## DESCRIPTION OF THE TASK:
Below is a listing; print exactly its lines from the one containing "this 300×301 image." down to the one containing "this 474×356 image.", both inclusive, with every picture left out.
::: DATA TO PROCESS
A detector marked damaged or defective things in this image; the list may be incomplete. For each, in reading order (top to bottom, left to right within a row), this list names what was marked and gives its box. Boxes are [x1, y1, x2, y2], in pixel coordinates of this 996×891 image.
::::::
::: DATA TO PROCESS
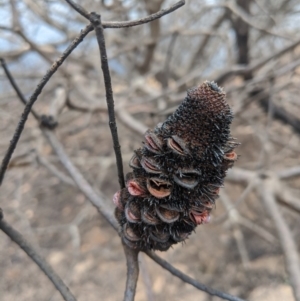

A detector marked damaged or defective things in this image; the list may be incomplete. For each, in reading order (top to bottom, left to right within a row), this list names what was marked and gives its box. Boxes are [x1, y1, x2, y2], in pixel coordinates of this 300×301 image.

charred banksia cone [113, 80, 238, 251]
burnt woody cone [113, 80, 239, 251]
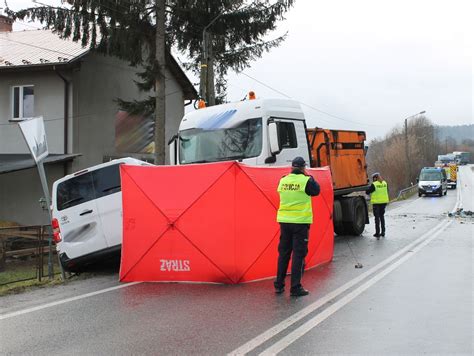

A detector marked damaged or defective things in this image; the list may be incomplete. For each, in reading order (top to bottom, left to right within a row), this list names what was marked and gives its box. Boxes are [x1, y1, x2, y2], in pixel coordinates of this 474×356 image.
::::::
## ANSWER SECTION:
A detector marked damaged or defective things in this image; the list may be incomplete. For each, in reading order (top to bottom, left to right within a row), this list names what was marked and gives its box. Boxes are [x1, y1, x2, y2], in pixel coordinates of this 300×301 image.

charred banksia cone [113, 80, 238, 251]
burnt woody cone [113, 80, 239, 251]

A detector marked damaged or defective things in this image; the list may be incomplete. For each, in reading order (top to bottom, left to right within a row), this list names what was marked and gives its box. Boxes are [x1, y1, x2, y2], in pixel coordinates of this 474×356 image.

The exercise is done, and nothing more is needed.